The first thing I did was compare the Magic Quadrant chart with the same chart from 2007. A quick comparison shows little that separates the two. The larger enterprise solutions remain where they always have, in the upper echelon of the square, while the remainders continue to jostle for position around the centre.
There was minor movement amongst the larger organizations; one moved up a little on one axis while another tiptoed along the other. But despite that nothing much visibly has happened.
Personally it’s no surprise as the larger organizations make the biggest footprint. With a larger reservoir of capital they can afford to make things happen much quicker, marketing, sales and even innovation.
Its Just One Opinion Right ?
I think we should be grateful that this market even has a Magic Quadrant report for people to chew over. As is states at end of the report, “Gartner does not endorse any vendor, product or service depicted in the Magic Quadrant, and does not advise technology users to select only those vendors placed in the “Leaders” quadrant.”
It’s a bit naive though to think the report is just another opinion, as James Governor analyst with RedMonk says, being in Gartner’s Magic Quadrant can move mountains for a company.
Organizations use these reports as a means for garnering further sales, why else participate?
Quotes and positioning details are peeled off and reprinted on marketing material. In fact it’s not uncommon to find the entire Magic Quadrant report available on company websites which have benefited from the report.
Ratings by research firms matter, their opinions are taken very seriously by IT procurement departments evaluating products and services.
Moving Mountains
The Gartner Magic Quadrant evaluation process looks at several areas, not only regarding the product, its limitations and direction but also the supporting business infrastructure, marketing execution, pricing, sales execution. For a lesser-sized business, being compared to the likes of Oracle in these departments is hardly going to work in your favor.

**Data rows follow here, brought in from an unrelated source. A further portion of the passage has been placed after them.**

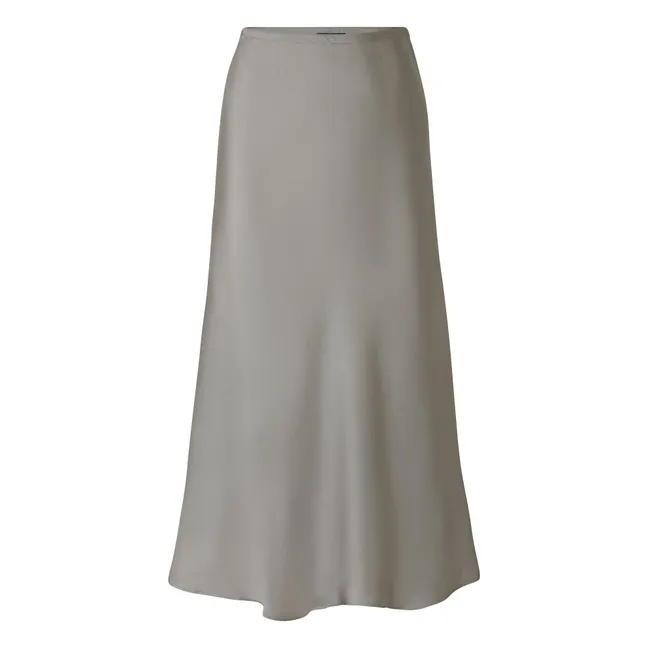 Jupe Fever | Vert d'eau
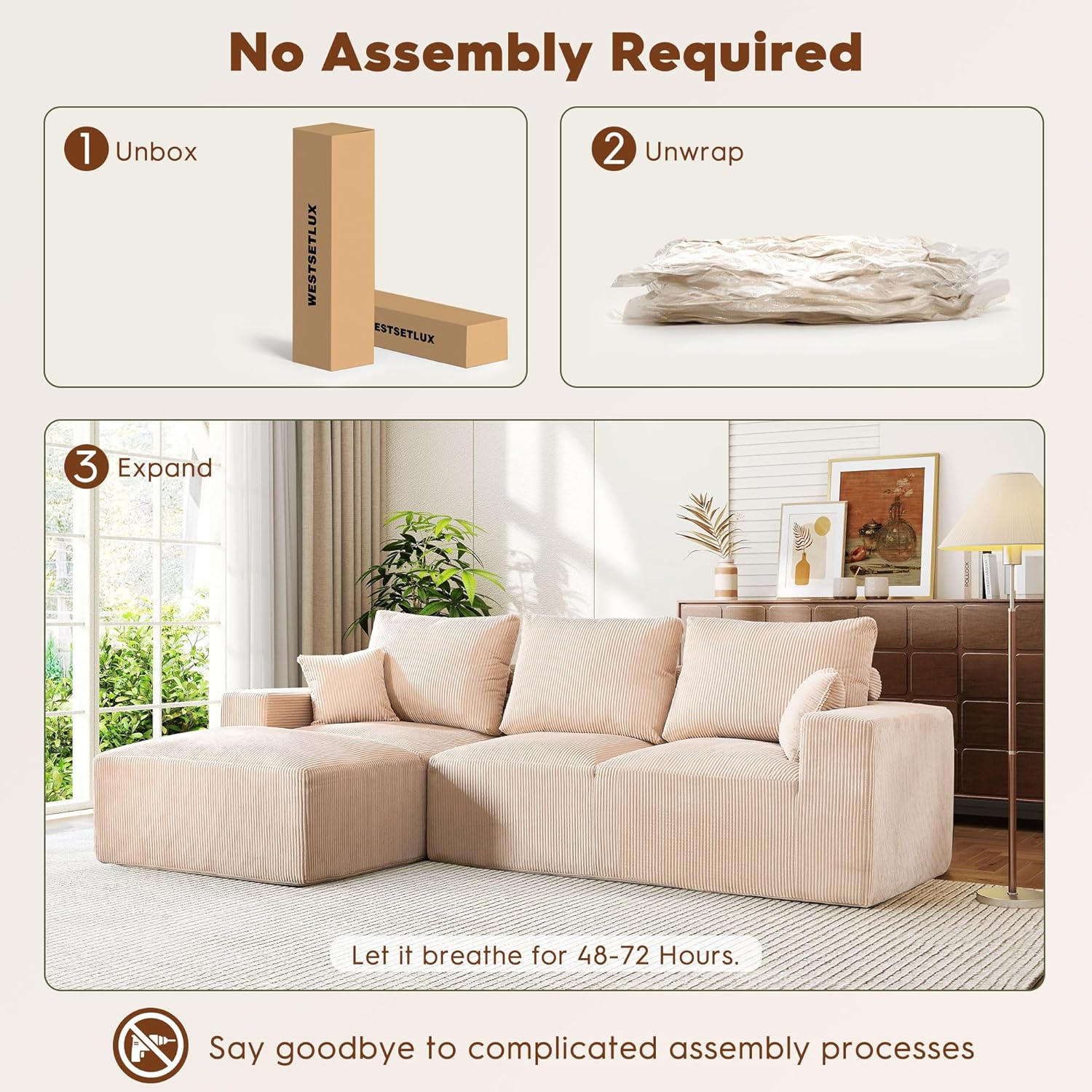 826f1e84b2f29de984fb1d192367d56e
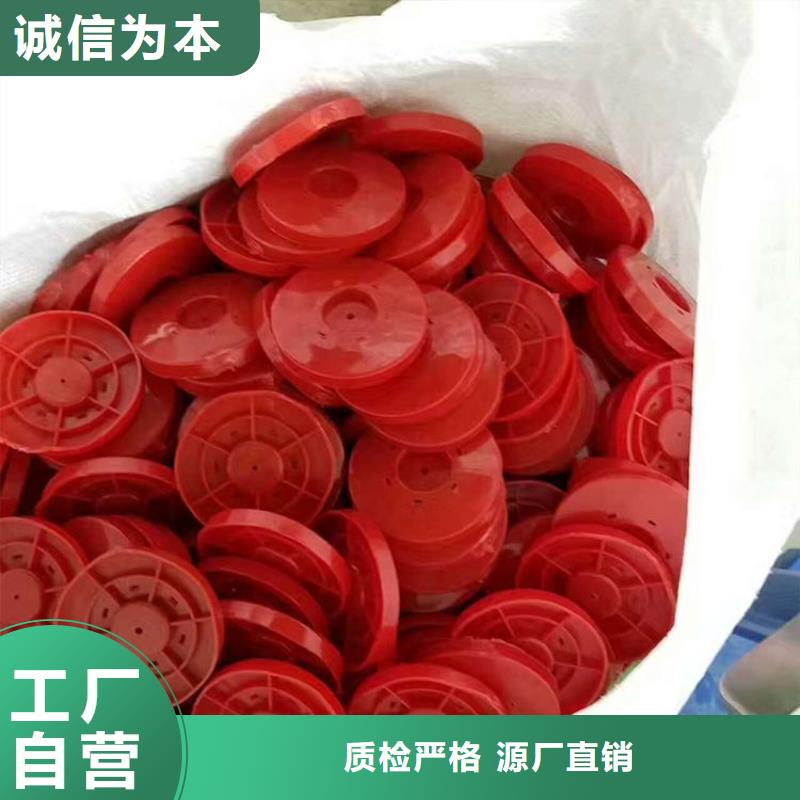 防渗膜视频-防渗膜-云南省普洱市(本地)经销商-昭通|红河|临沧|文山|昆明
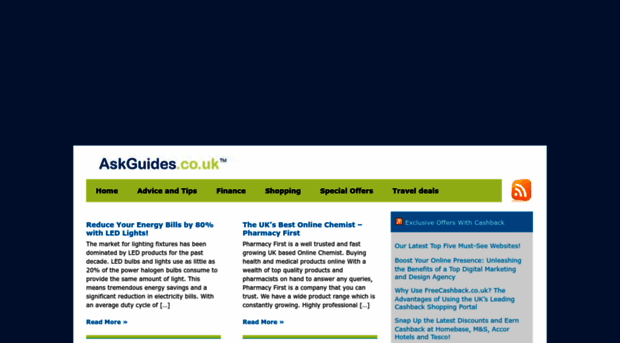 askguides.com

As Dave Kearns mentions in his article, Thor Technologies’ provisioning product was ranked third or fourth (depending on how you read the chart) a few years ago. Once it was acquired by Oracle however, it was repositioned at the top of the leader quadrant with little change except for the acquisition. Despite the improved sales force the product remained the same yet it had gravitated to Leader status.
So it’s not hard to see why some businesses find these annual reports demoralizing and even attribute them to potential lost earnings as was the case with ZL Technologies
It can not be underestimated; the Magic Quadrant is incredibly powerful. “It’s the difference between trying to sell something and trying to fulfill. The business of IT purchasing is predicated on requests for proposals. Everybody in the leaders [quadrant] is always going to be invited to bed,” James Governor RedMonk analyst.
Not All Lost
If there are any positives that can be taken from these reports (for those that have not favored highly) is that they can be a catalyst for change. These detailed reports highlight areas that can be improved, providing opportunities where alternative strategies need to be sought; whether that is improving marketing execution, customer experience or something else.
Whether Gartner stops producing these reports or alters them makes no odds, there will always be opinions that some people give greater importance to over all others.
Bone-idle IT procurement departments will continue to start and end their product evaluation with these reports and opinions; grading product viability on how high and furthest to the right something is on a chart. But for many, especially with IT security budgets shrinking, purchasing decisions are being done with a lot more care. Businesses are using these opinions and reports along with many others to find something that is right for them rather than relying on where a product is positioned against bespoke criteria.